As I’ve been mentioning in my previous posts, I am working in a deformable registration pipeline.
It happens that I am running my tests in a supercomputer and noticed that the code I wrote using ITK classes ItkRegistrationV4 and ItkBsplineTransform is not parallel.

How can I make it parallel? Is there any previously defined way to do that in ITK?

Registration code in ITK is parallel. What might be a problem is weirdness of the supercomputer. You can change the number of threads to see how that affects speed. Take a look at the code which initializes max number of threads:


Some speed improvement is expected if you distribute a registration task to run on more cores, but as you slice the problem into smaller pieces, the relative overhead increases. At some point adding more cores will not improve the performance anymore but will start to slow things down.

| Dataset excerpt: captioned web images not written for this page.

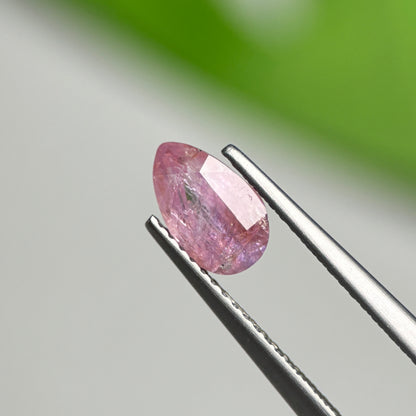1.38 ct Natural Pink Milky Sapphire Vietnam. Pear Shape.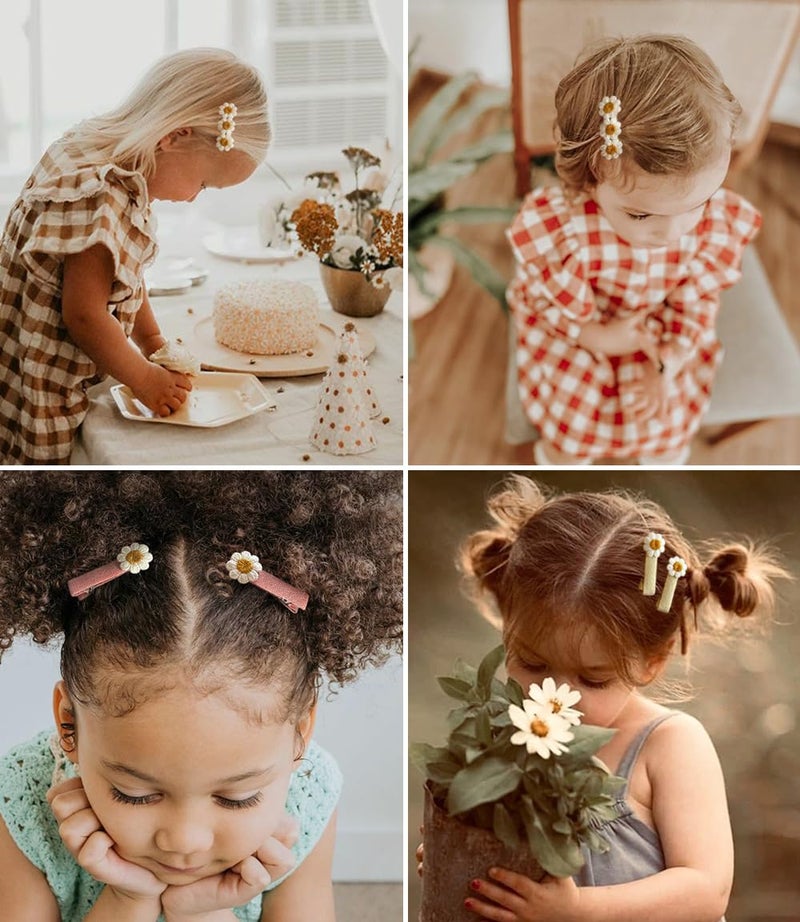 Cherssy 2 Daisy Flowers Hair Clips for Girls 12 Pcs Cotton Fully Lined Alligator Clips Non Slip Floral Baby Barrettes Hair Pins for Infant Toddler Kid School Girls Gift - Image 2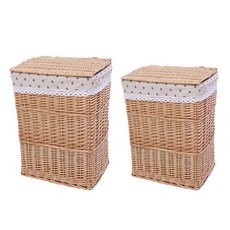 多用途藤編洗衣籃 大型 + 中型組合, 自然色, 1套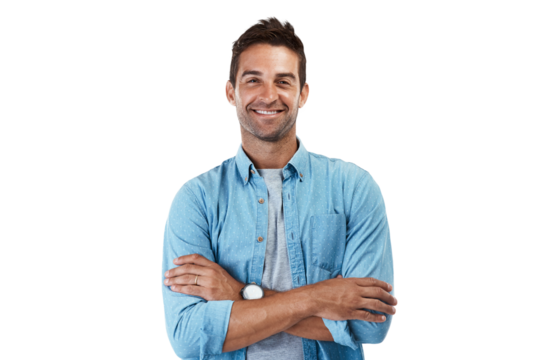 Happy, fashion and arms crossed with portrait of man on png for pride, trendy and confidence. Smile, casual and cool with person from Spain isolated on transparent background for happiness and style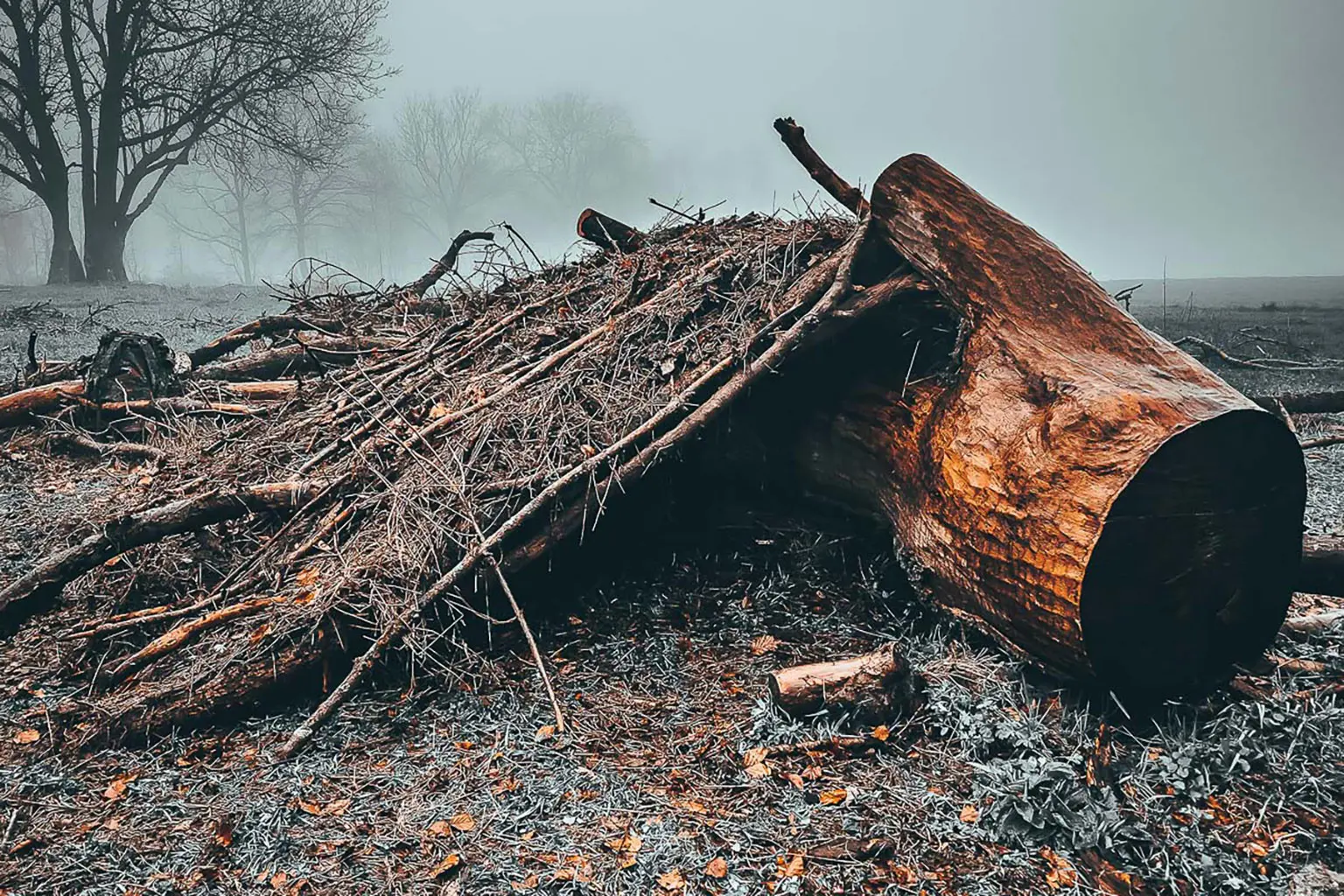Fertiger Lean-to-Unterstand an großen Baum angelehnt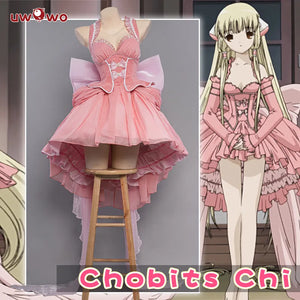 In Stock UWOWO Anime/Manga Chobits Chi Cosplay Costume Lolita Pink Dress with Bowknot Clamp Halloween Christmas Costumes Outfit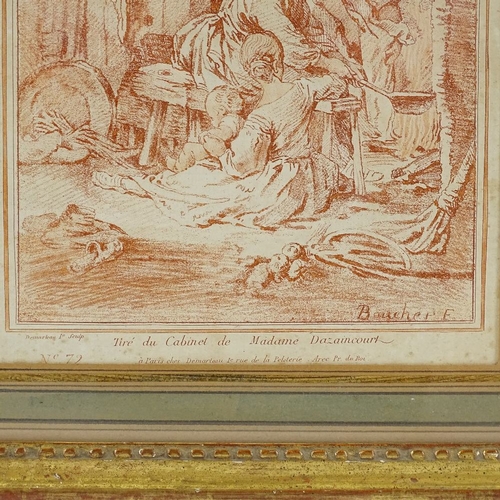 1230 - Francois Boucher, sanguine etching, interior scene, image 9.5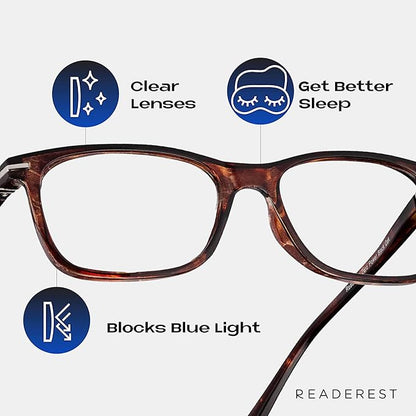 Readerest Blue Light Blocking Glasses – Thin Reflective Lens, Anti-Glare Computer Eyeglasses, UV Protection, Eye Strain Relief (Bourbon Tortoise, 1.0 Magnification)
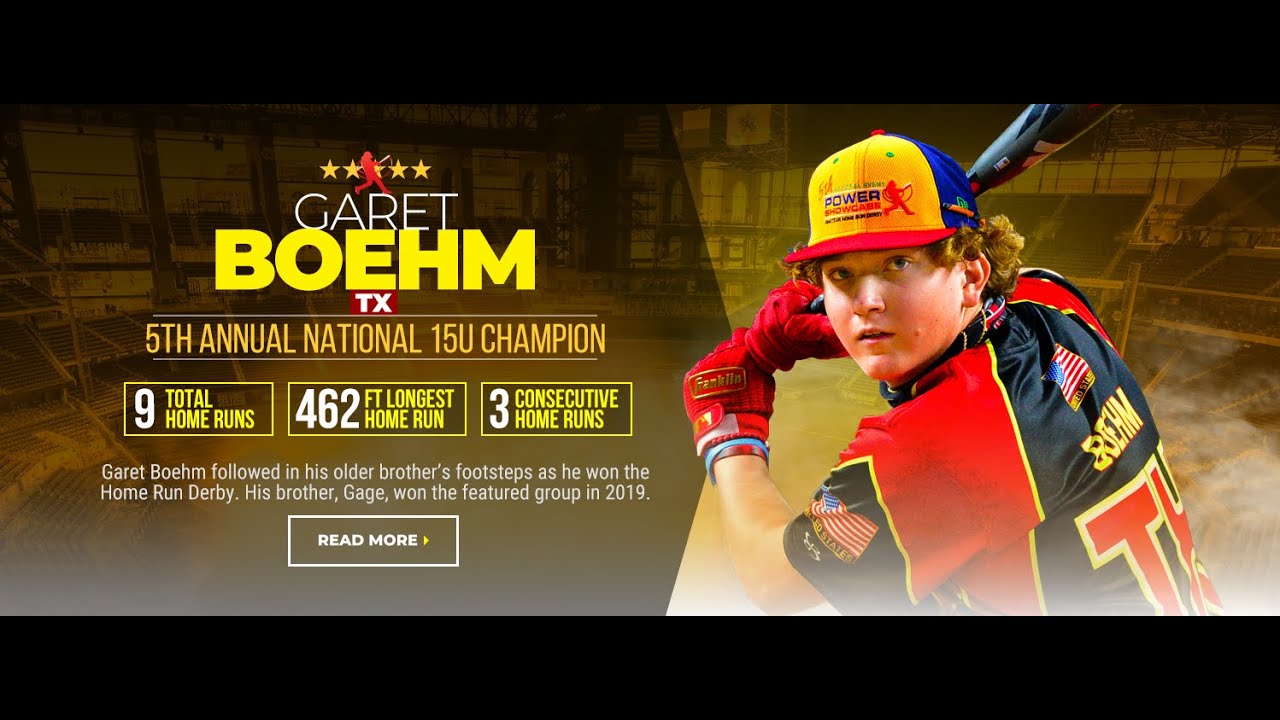 Top Texas Prospect 15U Champ - Garet Boehm ~ 5th National POWER SHOWCASE - Globe Life Field 2020.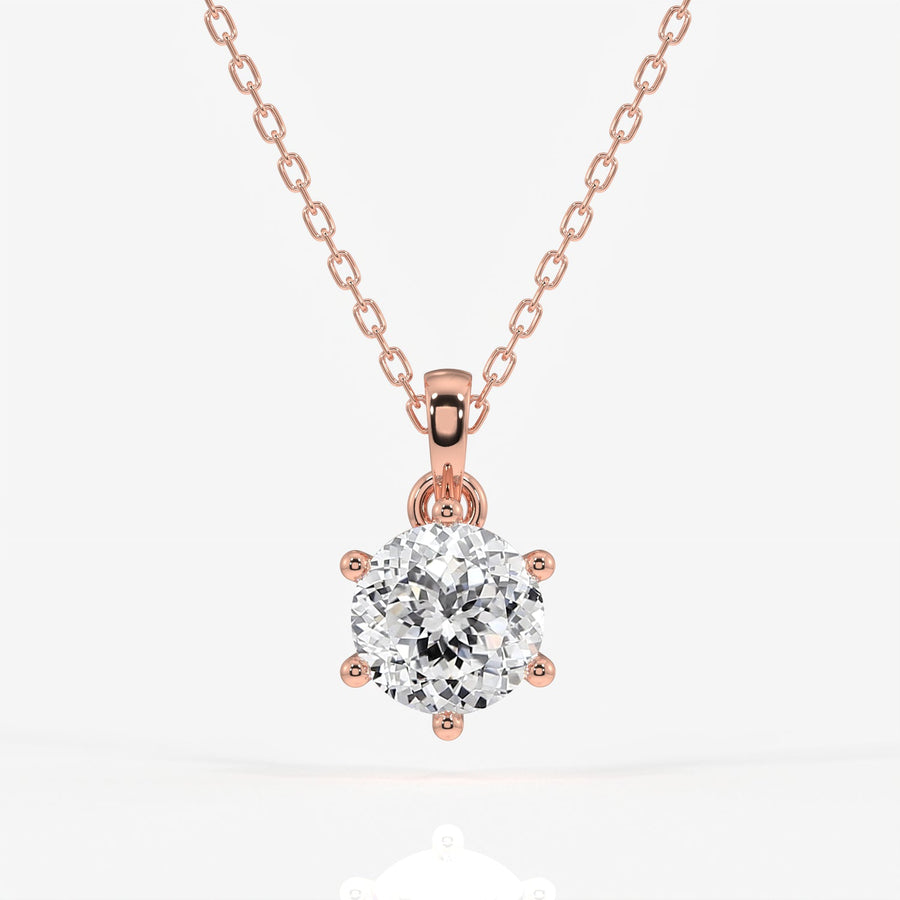 Portuguese Cut Moissanite Diamond Six Prong Sterling Silver Pendant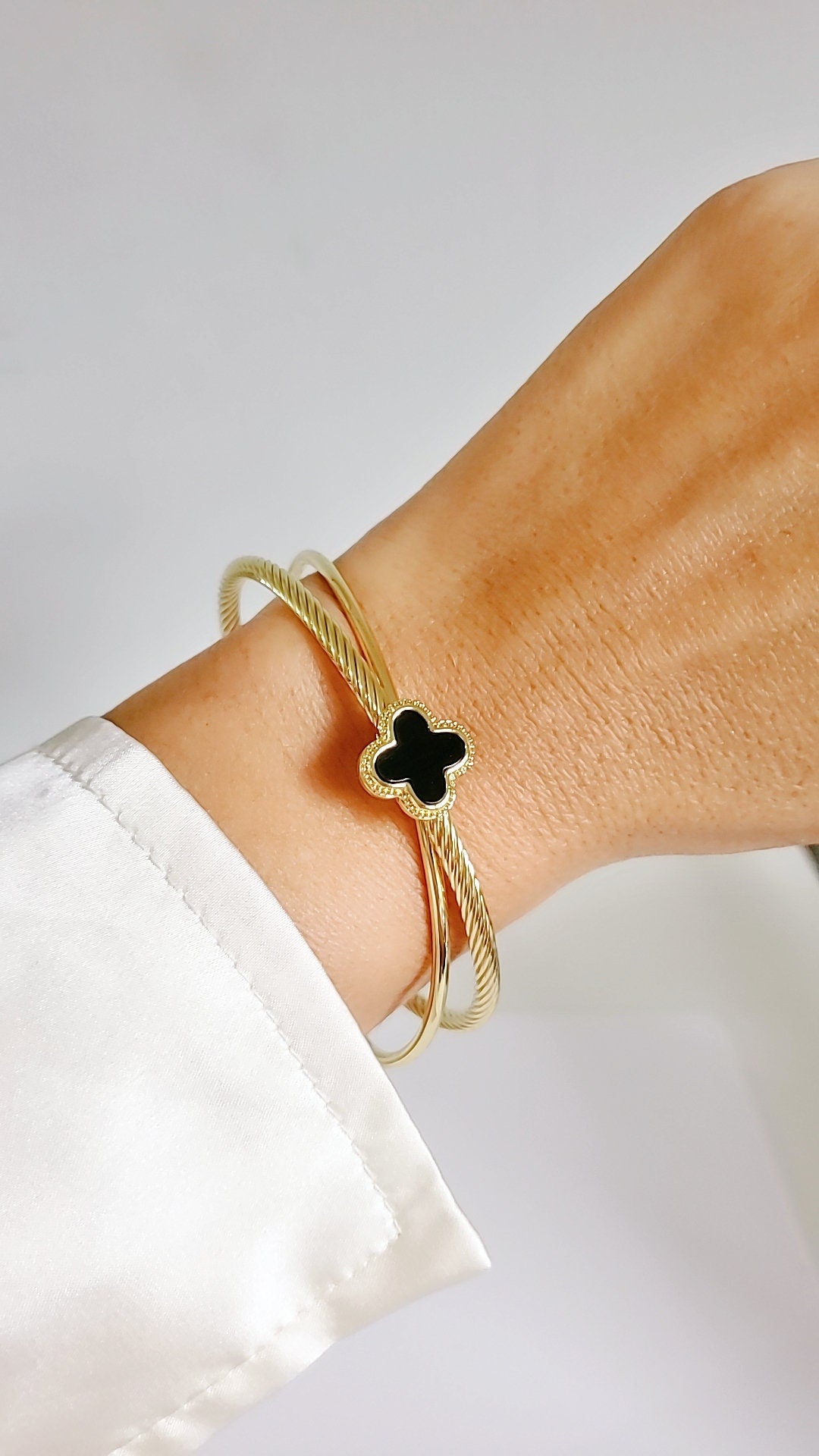 Black Clover Gold Bangle Bracelet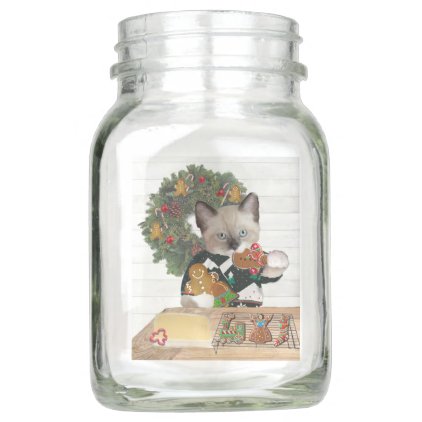 Christmas Cookie Kittens Mason Jar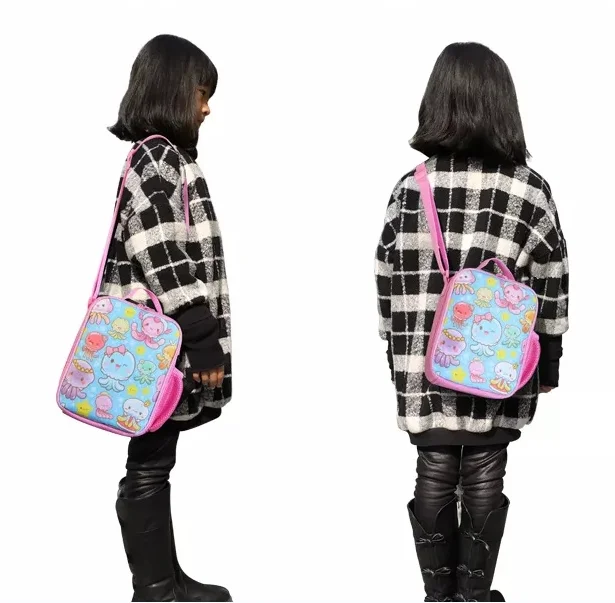 Sublimation Blank Print Students Kids 25*19*8 Backpack for Girls Boys School Bags Set For Adult Black/Pink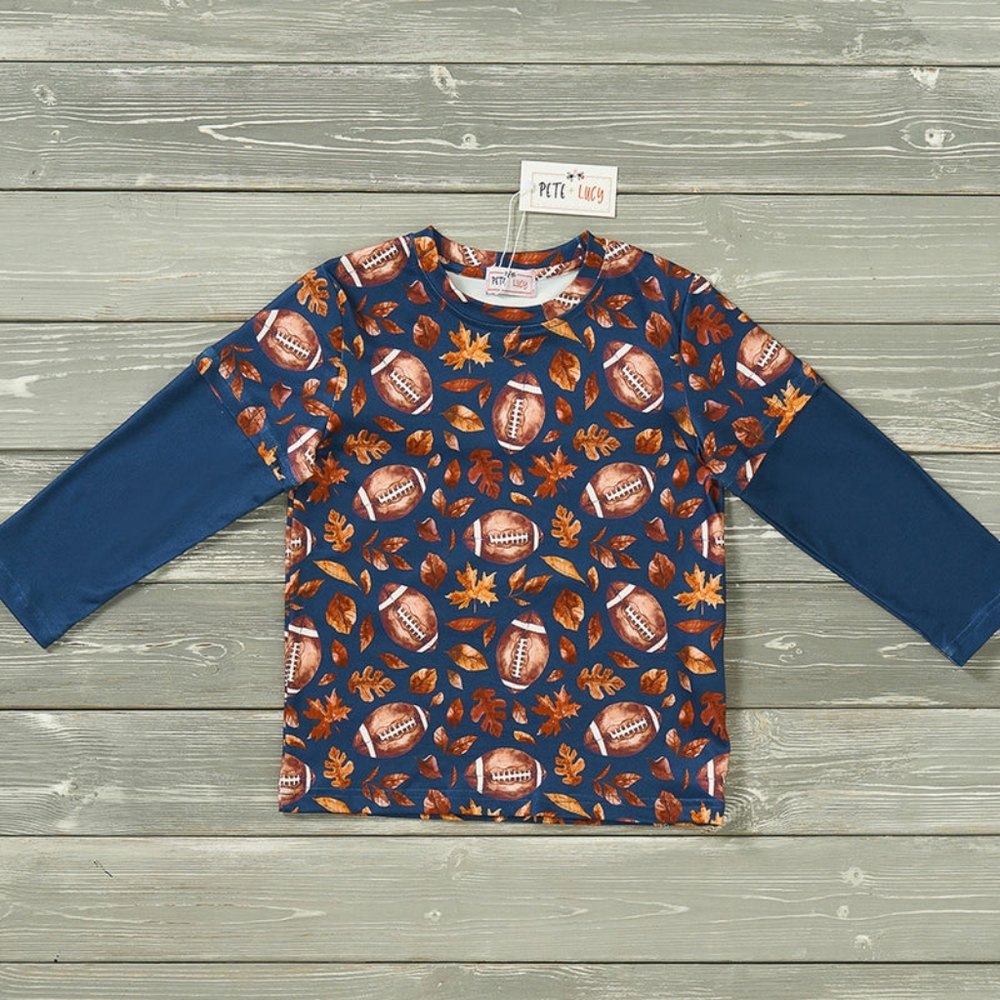 Pete + Lucy Leafy Football Top Long-Sleeve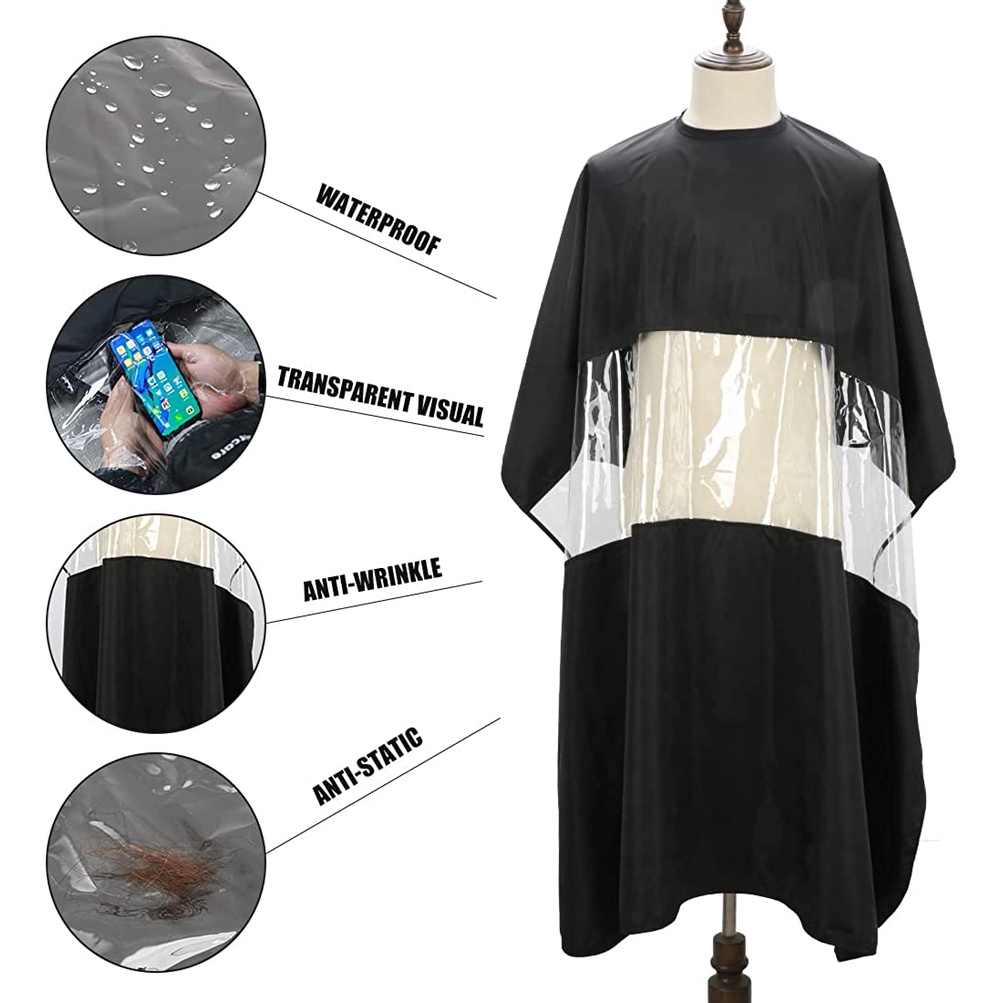 Áo Choàng Cắt Tóc Màu Đen Chống Thấm Nước 50X60 Inch Chuyên Dụng Cho Salon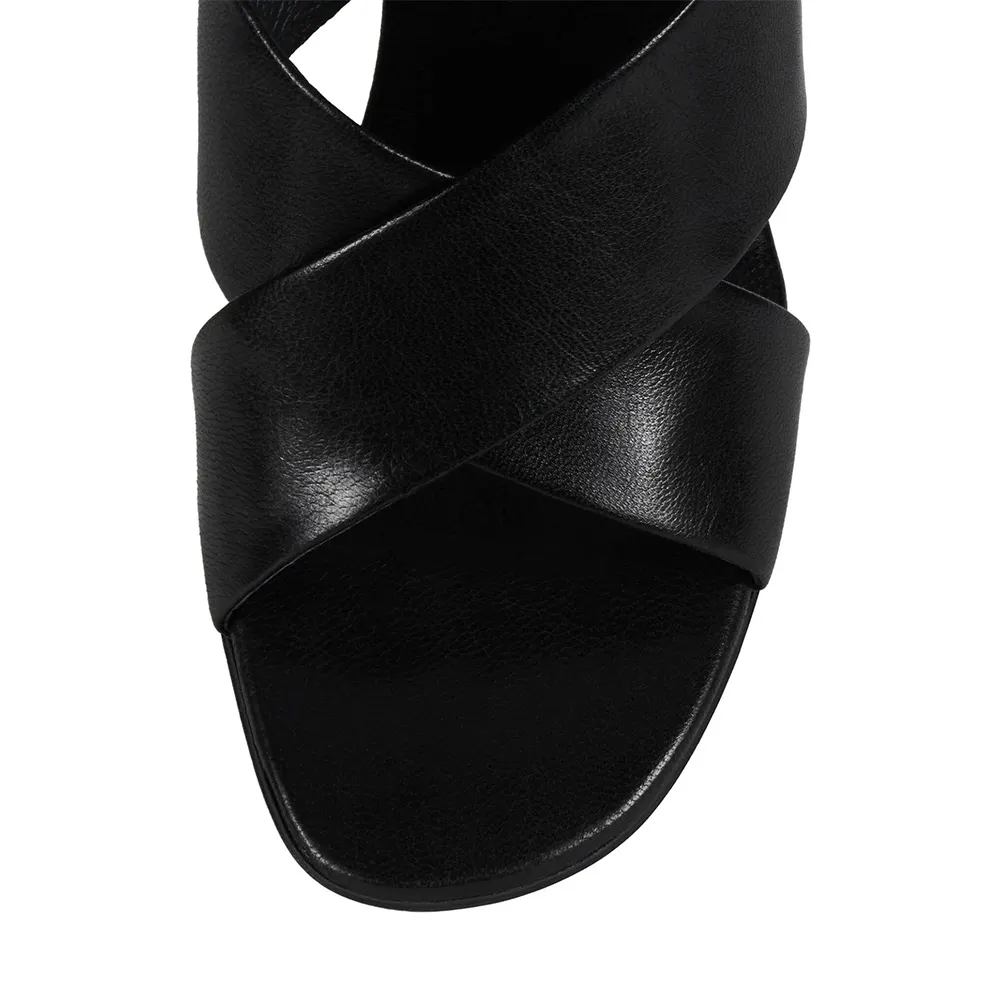 Women's Black Round Toe Cross Strap Block High Heel Mules Shoes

If you want to use hundreds of cores work efficiently in parallel on a single registration task then you may need to implement new registration algorithms, or at least redesign the implementation for your special computing architecture.

If you do batch processing then you can achieve high efficiency by running multiple independent registration tasks in parallel (each independent registration running on one or few threads).


All right. I partially got it.
What I still did not get is HOW can I change the NUMBER OF THREADS?
Or how can I distribute my registration task over more cores?
Do I have to include a specific class? Fold my code with some other loop?

I have two computers: one with 7 cores, other with 64 cores.

My code right now is basically the DeformableRegistration8.cxx example.

Thank you very much!

Try invoking in bash like this:

ITK_GLOBAL_DEFAULT_NUMBER_OF_THREADS=1 ./DeformableRegistration8 /path/to/input1 /path/...

This temporarily sets environment variable ITK_GLOBAL_DEFAULT_NUMBER_OF_THREADS during execution of the command which follows.